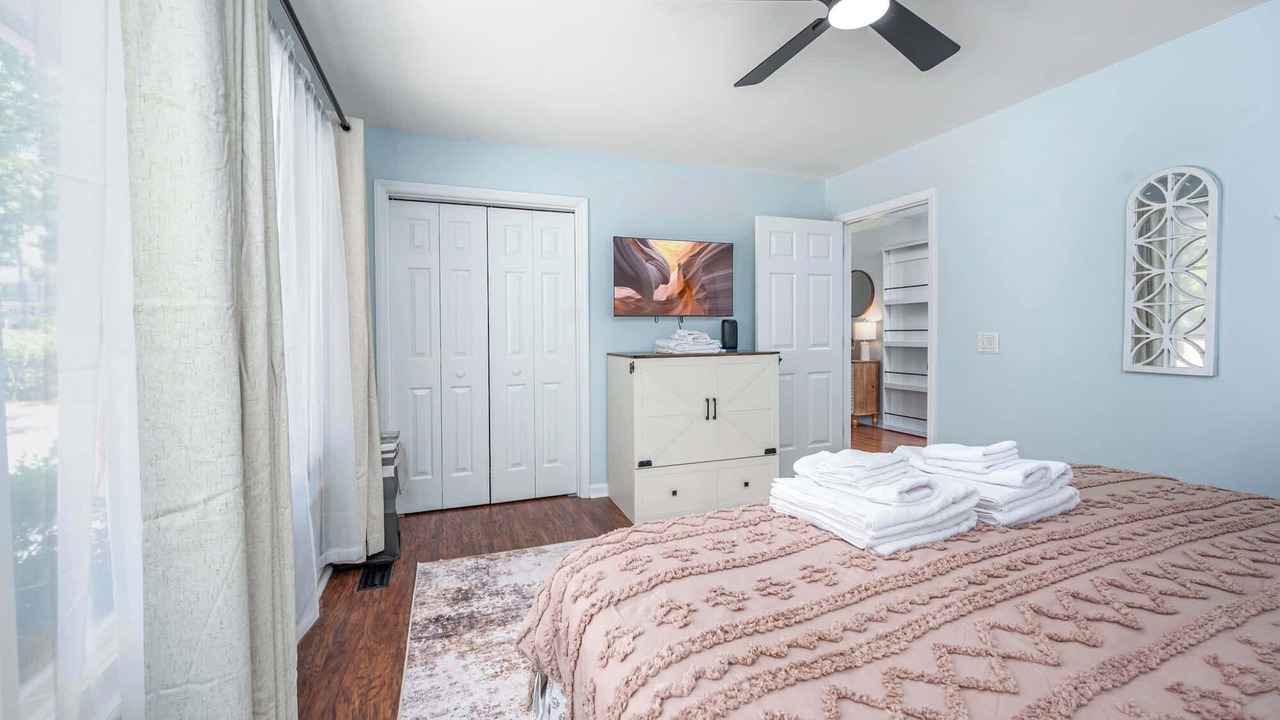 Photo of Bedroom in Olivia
== == ==
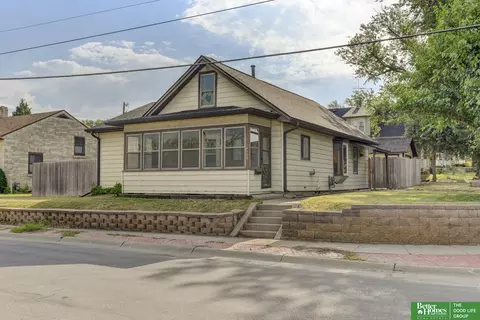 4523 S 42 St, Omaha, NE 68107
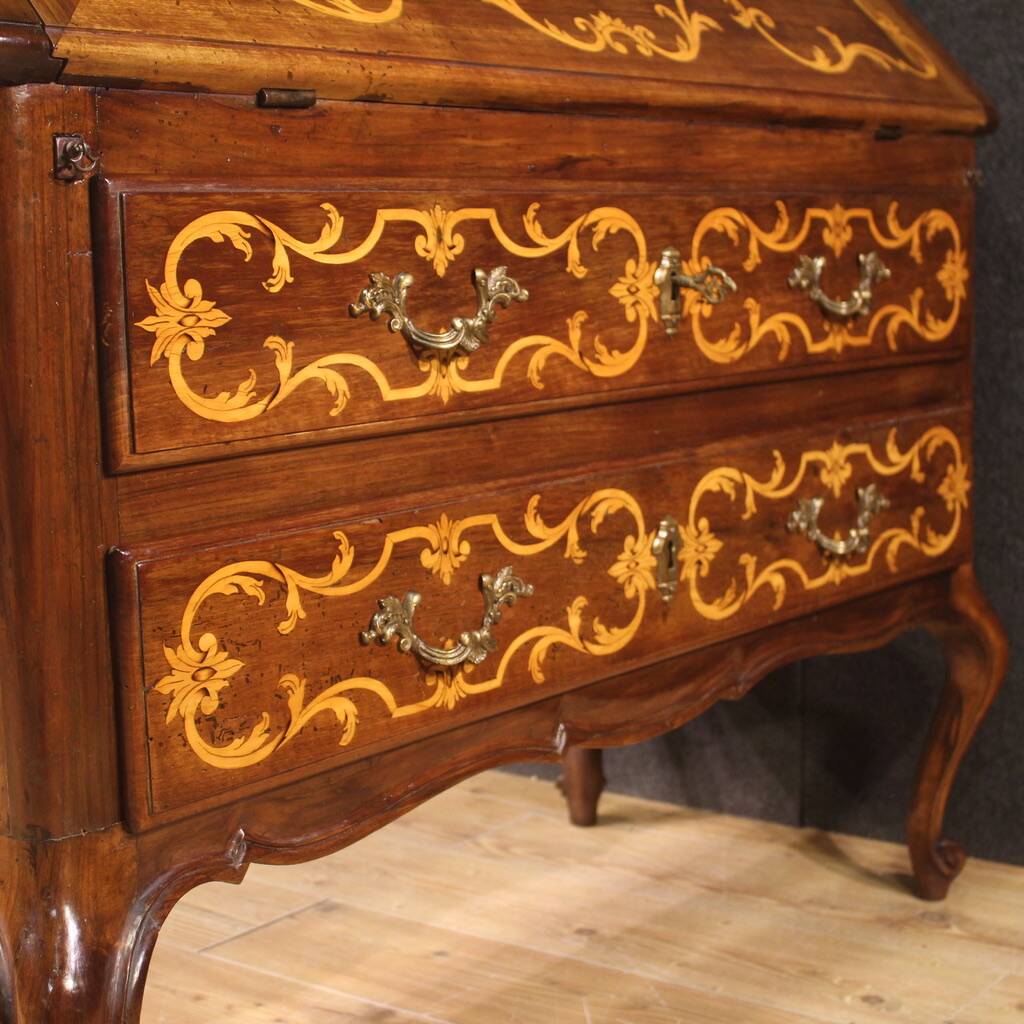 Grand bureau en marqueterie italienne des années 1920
== == ==
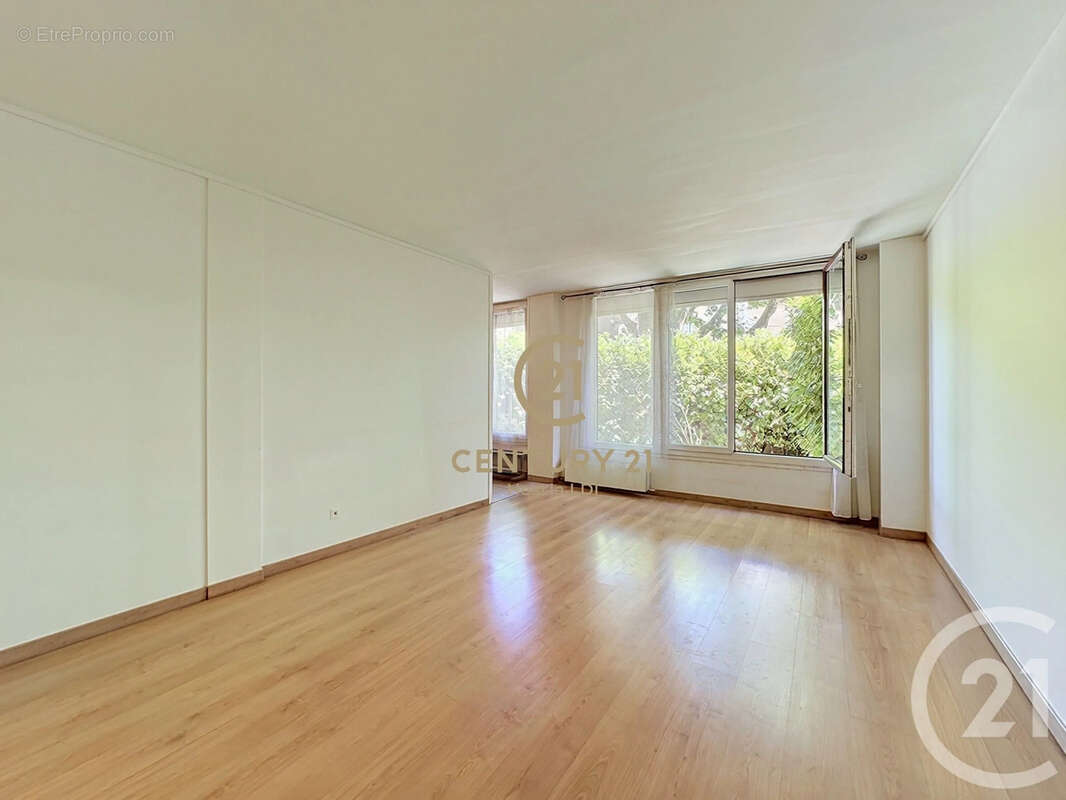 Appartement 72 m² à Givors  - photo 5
== == ==
◆ Task statement ◆
Look above for the line with "4523 S 42 St, Omaha, NE 68107" and the line with "Grand bureau en", then restate exactly those two lines and all lines between them, with no pictures.

◆ Exercise solution ◆
 4523 S 42 St, Omaha, NE 68107
 Grand bureau en marqueterie italienne des années 1920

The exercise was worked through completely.